Be consistent, and take him to lot's of places. Have your friends greet him in a calm and unintimidating manor and when he greets without barking reward him with a treat. I deal with sheltered dogs who were only kept at home and not took out into the public much and if your consistent, don't go out for too long in the beginning and let it be a pleasant experience over time they will get better. Good Luck!


----------



## Luckysasquatch (Jul 20, 2012)

Thanks! I know I am somewhat paranoid, because of my first little boy dachshund, but this guy is 14 pounds and therefore harder to just pick up when he is freaking out at people. Your words have given me a little peace of mind that this might all work out okay. It is working out great for my little girl. She loves having a buddy. Sometimes it gets a little crazy around here with the chase games. Mostly when the lab puppy is here. He is kinda big to run around the couch with these little guys! I guys part of my issue is that he is not a rescue dog, yet I am treating him like one. He was sold to me as a well adjusted puppy. He also is on a prey model raw diet, which is a lot for me to get used to and I may just be a little overwhelmed with it. Taking a deep breath! Thanks again!


----------



## DogExcellence (Jan 4, 2013)

Luckysasquatch, don't panic. 

First try socialization. have your puppies interact with many different things, all in positive ways. Praise and reward any good interactions with novel things.
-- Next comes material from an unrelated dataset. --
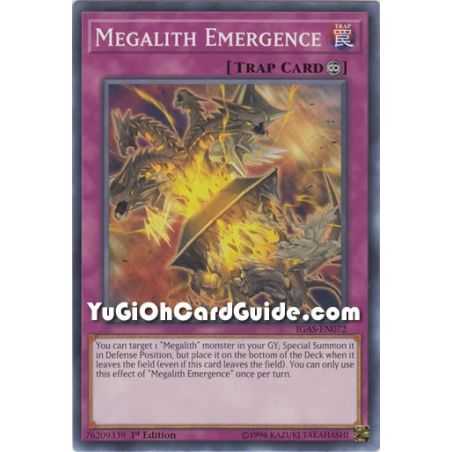 Megalith Emergence (Common) – Ignition Assault | Carta YUGIOH en México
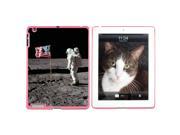 Astronaut Moon Landing 1969 American Flag Snap On Hard Protective Case for Apple iPad 2 3 4 Pink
Never push your puppy into a situation that he doesn't like. 

Here is a link that tells you about desensitization. To help fearful dogs.

Hope it helps!


----------



## porchpotty (Aug 10, 2011)

One of the most common stimuli of aggression is when a dog senses danger. Now, keep in mind that many owners have their dogs for that exact reason- to protect. They have the instinctive nature to love you and the unbreakable desire to protect you from harm. When out and about, another dog may want to simply explore or even meet you. But, to your dog, they may appear to be trying to do harm to you. They don’t always know the difference.

This is why socialization is imperative to a dog’s development. When you meet new dogs, familiarize yourself with both dogs at the same time. Pet them both, while restraining them both, along with your fellow dog owner. This definitely needs to be a group effort.

Do keep in mind that dogs are very protective of you, their loving owner, but it is also your job to protect those around you from your dog’s protective instincts. Perhaps the best way to introduce a new person is to positively interact with them. You may find your dog barking at first, attempting to scare an intruder away (especially when they ring the doorbell), but if you simply shake hands and act in a friendly manner, your dog can pick up on your attitude in the situation. A friendly handshake is always good. You may avoid hugging, though, since it may be taken as an attack. Instead, restrain your dog and allow them to watch while you interact with another person. Keep in mind that sniffing and inspecting are important before acceptance.


----------